‘Brain training’ overcomes tics in Tourette syndrome, study finds

Children with Tourette Syndrome (TS) may unconsciously train their brain to more effectively control their tics, a study led by experts at The University of Nottingham has confirmed.

Teenagers diagnosed with TS were slower than their typically developing peers when asked to perform a task that involved them simply moving their eyes to look at targets. However, they significantly outperformed their peers when the task was more demanding and required them to choose between looking at or away from targets. In this task they were as fast as their peers but made fewer eye movements in the wrong direction.

The study, published in the British Journal of Neuropsychology, showed that the children with TS who performed the best on the most demanding task were also those who had fewer tics.

Breaking the pattern

Professor Georgina Jackson, in the Institute of Mental Health, said: “A healthy child is not continuously worrying about unpredictably doing something embarrassing but a child with TS is often anxious that the unintentional movements or noises they make will draw attention to themselves.’

”They can devote considerable time and effort every day trying to delay or conceal these movements in class, and it can be exhausting. Yet, when we ask them to complete a difficult control task like ours which requires them to be really careful if they are not to make mistakes we find that they are very good.”

Professor Jackson added: “When presented with a stimulus which we find interesting, it is a natural human response to want to look at it. Often when asked to purposefully not look our eyes will momentarily glance towards it for a fraction of a second before our brain corrects the behaviour.”

Tourette syndrome is a neurodevelopmental disorder that causes involuntary noises and movements called tics. These can range from eye blinking, mouth opening and throat clearing, to more complex sequences of movements such as head-shaking, scratching and gestures and repeated phrases.

Tics start in early childhood — typically between five and seven years of age — and peak between the ages of eight and 12 years old before becoming less frequent and severe for many sufferers.

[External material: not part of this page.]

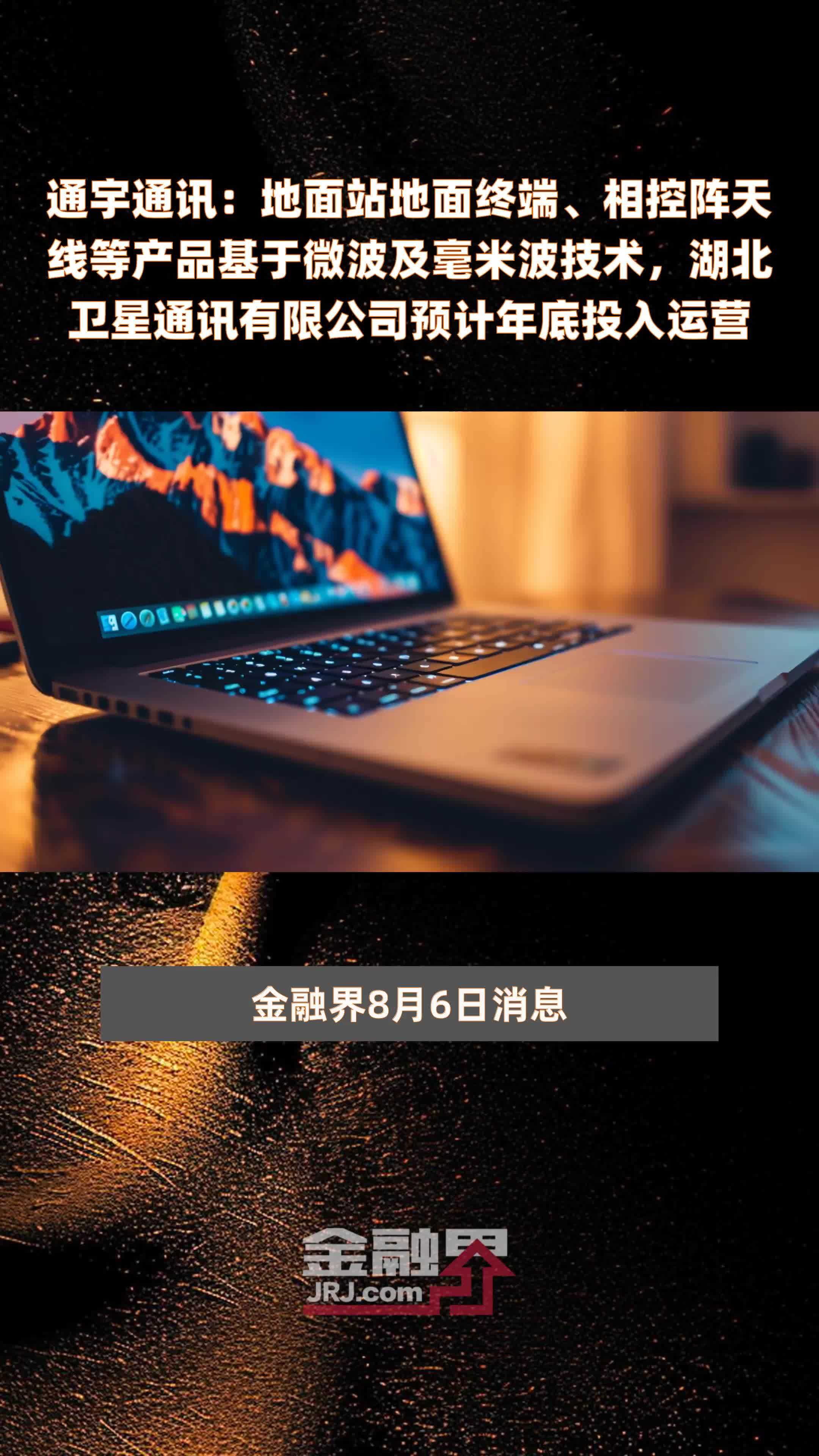 通宇通讯：地面站地面终端、相控阵天线等产品基于微波及毫米波技术，湖北卫星通讯有限公司预计年底投入运营|快报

TS can often also be associated with other conditions such as obsessive compulsive disorder (OCD) or attention deficit hyperactivity disorder (ADHD). The children in the current study did not have a diagnosis of ADHD. ADHD is associated with impairments on demanding control tasks such as the one used in this study.

Motor control

Experts still don’t know exactly what causes the disorder, but it is thought to be linked to abnormalities with some parts of the brain, including the basal ganglia, which helps regulate the body’s movements including eye movements.

It has been suggested that since TS results in tics there should also be a general impairment in controlling voluntary movements. This is not what this study finds. Although reflexive eye movements are slower, controlled movements are improved and this improvement is related to less severe tics. Previous studies by our group have suggested that this improvement in controlled movements is related to changes in the motor control regions of the brain.

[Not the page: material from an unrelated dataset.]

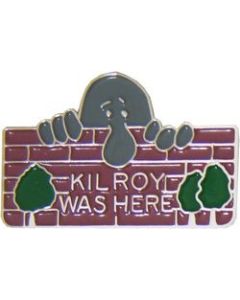 15513 - Kilroy Was Here Pin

“Our tasks tested which group of participants experienced the most number of these tiny errors and we found that the children with TS performed particularly well in this respect,” added Professor Jackson.

New clues to improve treatment

Participants in the study performed two tasks: one required them to repeatedly look at a target (known as pro-saccade) while the other involved shifting unpredictably between looking at an object and looking away (anti-saccade).

The study found that the TS group were around 20 milliseconds slower to initiate and complete the task when they were asked to repeatedly look at a target, compared to the control group.

However, when presented with the more complex task of switching between looking at a target and looking away from a target the study found that the children with TS made significantly less — 20 per cent less — than the control group.

There was also a strong positive correlation between the performance of these TS children and their score on the Tale Global Tic Severity Scale. The data suggests that those who showed the greatest cognitive control also exhibit lower levels of tics.

The researchers add that further studies over the longer term are needed to find out whether cognitive control measures like those used in this research could be used to predict the likely remission of tics during adolescence.